Exercise instructions -
The entries are to be repeated exactly, with all pictures omitted.

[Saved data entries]
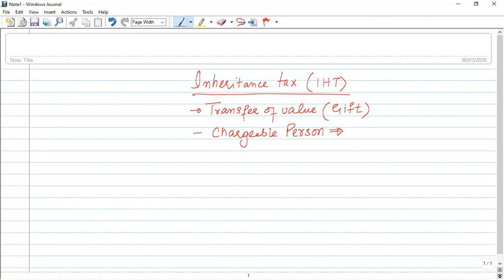If he is a non-resident, there may be some circumstances. But in our syllabus, a UK resident will always be a person that is chargeable for the purpose of IHT.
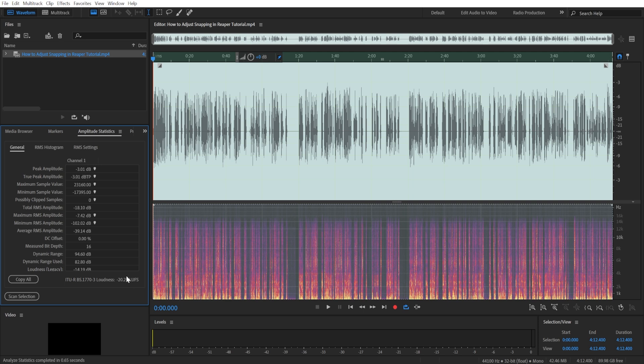For example, when you're uploading your audio to a platform like YouTube, Spotify, or whatever, they usually have certain standards for how loud your audio should be.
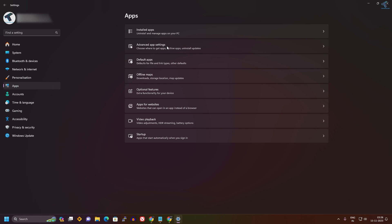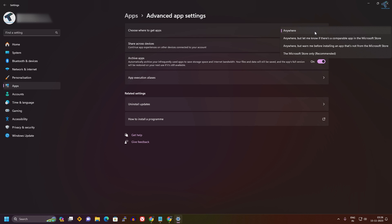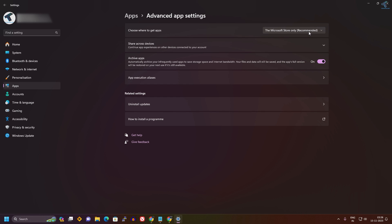Here you will get 'Choose where to get apps.' From here you just need to select this dropdown menu. If you want to enable the Microsoft verified app warning option, then you need to select Microsoft Store only (recommended). If you want to disable this option, you need to choose the option 'anywhere.'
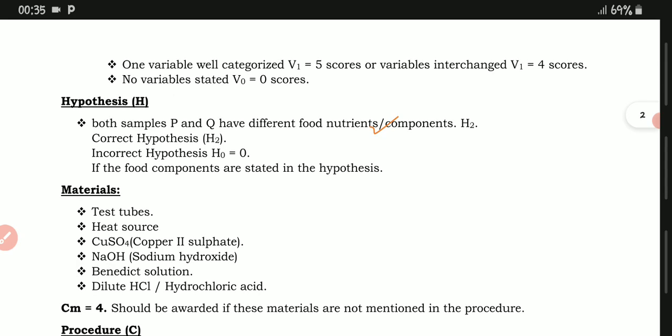For the hypothesis: both samples P and Two have different food nutrients or components. A correct hypothesis scores H2. An incorrect hypothesis scores H0 — that means zero marks. Note that if you state the specific food components in your hypothesis, they may score you zero, although some examiners are lenient about this.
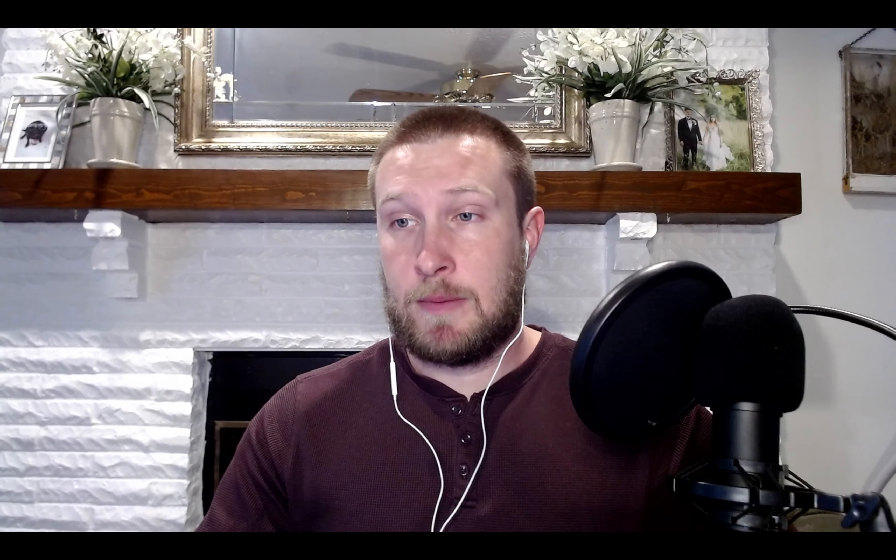Today, we're going to be going over the three trades that I took, some of the zones and things that I did today, my reasoning behind them, entries, targets, why I did everything. And then that'll be it for today. So let's get right into it.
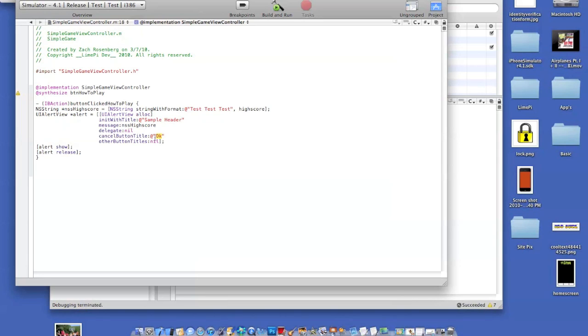Over here, when you write it, let's just press dismiss. So this is what you're going to press to make the screen go away.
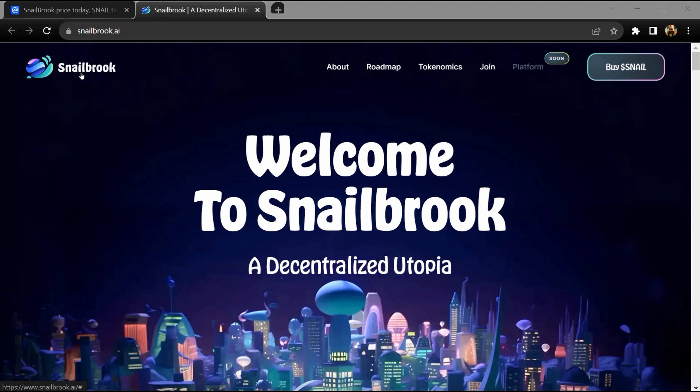Hello guys, today I'm going to tell you about the Snailbrook token. Before you start the video, let me share my legal disclaimer: this video is only for educational purposes. Do your own research before investing in Snailbrook.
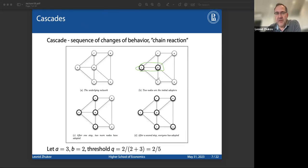If we look at simulations on empirical networks and randomized networks, you might have different results depending on which nodes are selected as initial seeds. Comparing graphs B and C (both randomized networks), in case C the entire graph gets the cascade and is converted, but in graph B you don't get that. Some nodes positioned a certain way within the network will help propagation of the influence, and others will not.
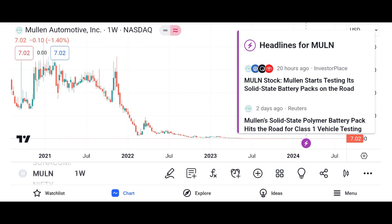Conclusion: summarize the key points discussed in the video, emphasizing Micron's strengths, opportunities, and potential risks. Encourage viewers to conduct their own research and consult with financial advisors before making investment decisions. Thank viewers for watching and invite them to like, share, and subscribe to the channel for more content.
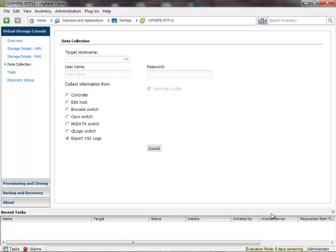In some cases, for the Backup and Recovery piece of the Virtual Storage Console, you may need additional information, including the Backups and Scheduled Backups XML file. These are files where the backup information and what's available in the backup catalog are stored.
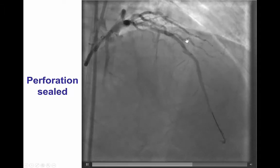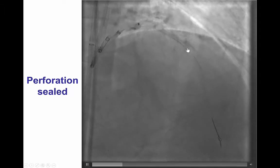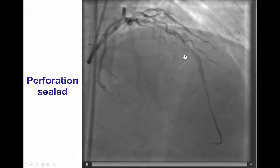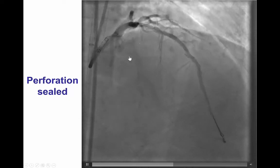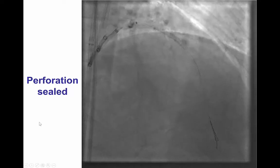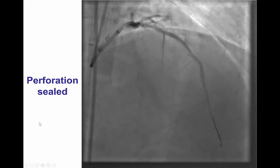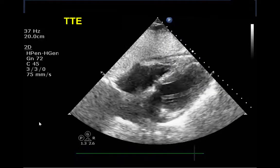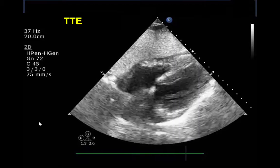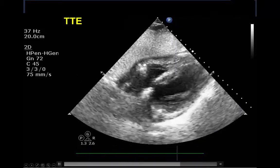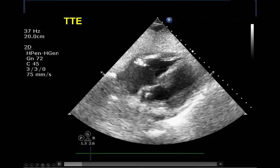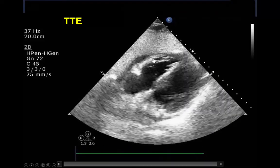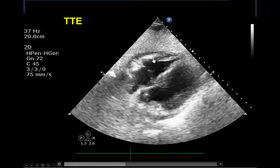In this particular case, after the covered stent was implanted, there was nice hemostasis achieved. There is some distal dissection and proximal irregularities, but the good news is the perforation is sealed. We did an echocardiogram that demonstrated only a small pericardial effusion, which is very encouraging. The patient did not have hypotension, therefore we did not need to perform pericardiocentesis.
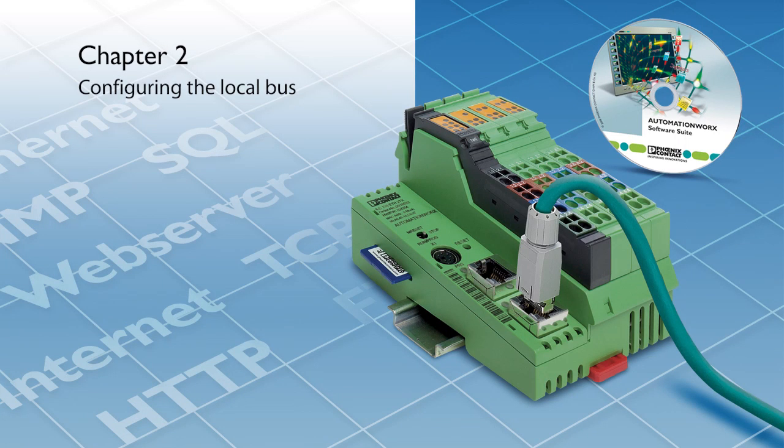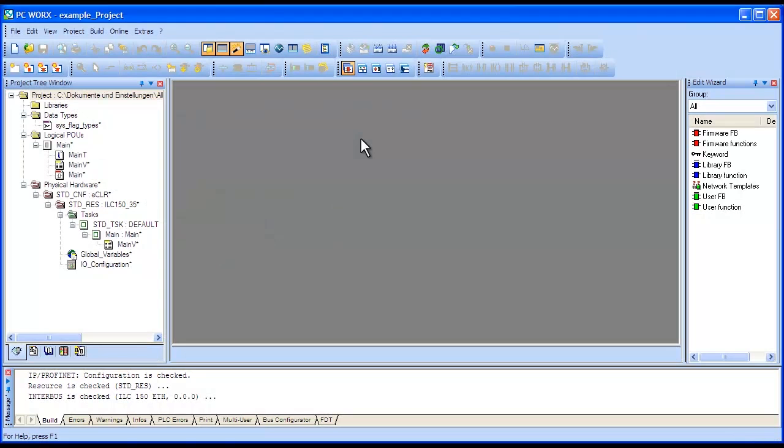Welcome to the PC Works tutorial video series. In this video, we will demonstrate how to configure the local bus on your controller.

Solution -
If he is a non-resident, there may be some circumstances. But in our syllabus, a UK resident will always be a person that is chargeable for the purpose of IHT.
For example, when you're uploading your audio to a platform like YouTube, Spotify, or whatever, they usually have certain standards for how loud your audio should be.
Here you will get 'Choose where to get apps.' From here you just need to select this dropdown menu. If you want to enable the Microsoft verified app warning option, then you need to select Microsoft Store only (recommended). If you want to disable this option, you need to choose the option 'anywhere.'
For the hypothesis: both samples P and Two have different food nutrients or components. A correct hypothesis scores H2. An incorrect hypothesis scores H0 — that means zero marks. Note that if you state the specific food components in your hypothesis, they may score you zero, although some examiners are lenient about this.
Today, we're going to be going over the three trades that I took, some of the zones and things that I did today, my reasoning behind them, entries, targets, why I did everything. And then that'll be it for today. So let's get right into it.
Over here, when you write it, let's just press dismiss. So this is what you're going to press to make the screen go away.
Hello guys, today I'm going to tell you about the Snailbrook token. Before you start the video, let me share my legal disclaimer: this video is only for educational purposes. Do your own research before investing in Snailbrook.
If we look at simulations on empirical networks and randomized networks, you might have different results depending on which nodes are selected as initial seeds. Comparing graphs B and C (both randomized networks), in case C the entire graph gets the cascade and is converted, but in graph B you don't get that. Some nodes positioned a certain way within the network will help propagation of the influence, and others will not.
Conclusion: summarize the key points discussed in the video, emphasizing Micron's strengths, opportunities, and potential risks. Encourage viewers to conduct their own research and consult with financial advisors before making investment decisions. Thank viewers for watching and invite them to like, share, and subscribe to the channel for more content.
In some cases, for the Backup and Recovery piece of the Virtual Storage Console, you may need additional information, including the Backups and Scheduled Backups XML file. These are files where the backup information and what's available in the backup catalog are stored.
In this particular case, after the covered stent was implanted, there was nice hemostasis achieved. There is some distal dissection and proximal irregularities, but the good news is the perforation is sealed. We did an echocardiogram that demonstrated only a small pericardial effusion, which is very encouraging. The patient did not have hypotension, therefore we did not need to perform pericardiocentesis.
Welcome to the PC Works tutorial video series. In this video, we will demonstrate how to configure the local bus on your controller.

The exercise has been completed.